Monster Beverage (MNST), this past week, hosted its Annual Meeting with JPMorgan noting that management sounded upbeat on its overall business trajectory. A couple of key takeaways from the event included:

-Management noted that there is likely to be increased promotional activity upcoming, although it is largely in-line with the historical cadence of higher promotional levels in 2Q/3Q relative to 1Q/4Q. Commentary around commodities was largely in-line with that during the Q1 earnings call — aluminum and freight costs are now deflationary Y/Y and the company is for the most part shipping in its typical orbits, although some costs remain sticky (e.g., ingredients, co-packing fees) and there could still be some lingering higher cost aluminum cans to work through.

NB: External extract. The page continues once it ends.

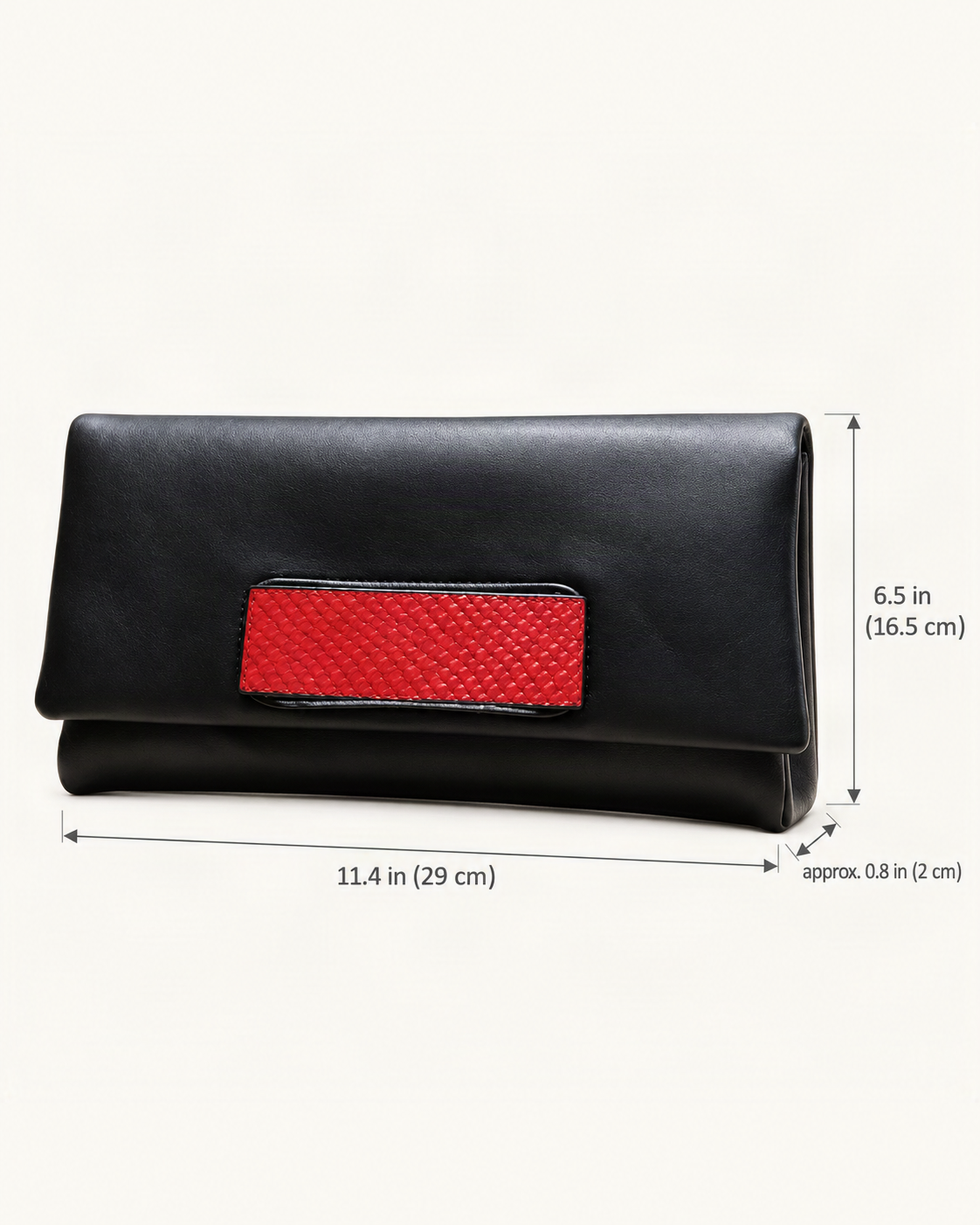 Cowhide Envelope Clutch Bag dimensions diagram, in inches and centimetres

-The company announced that it is planning to launch Nasty Beast, a 6% ABV hard iced tea in 4 flavors, in the latter half of 2023. Nasty Beast will be the company’s second new product into the alcoholic beverage following the phased launch of The Beast Unleashed in Q1. Management noted that the hard iced tea category is the fastest growing segment within FMBs and the company decided to leverage the “Beast” name rather than introducing a new brand. “On The Beast Unleashed, management sounded quite pleased with the initial rollout and is now completing the second phase with the product now available in around 40% of states representing about ⅔ of consumers. Repeat rates and sales per point of distribution are healthy for the brand and we note that in recent weeks tracked channel trends suggest The Beast Unleashed could be adding roughly 2 points to the company’s total U.S. measured channel top-line.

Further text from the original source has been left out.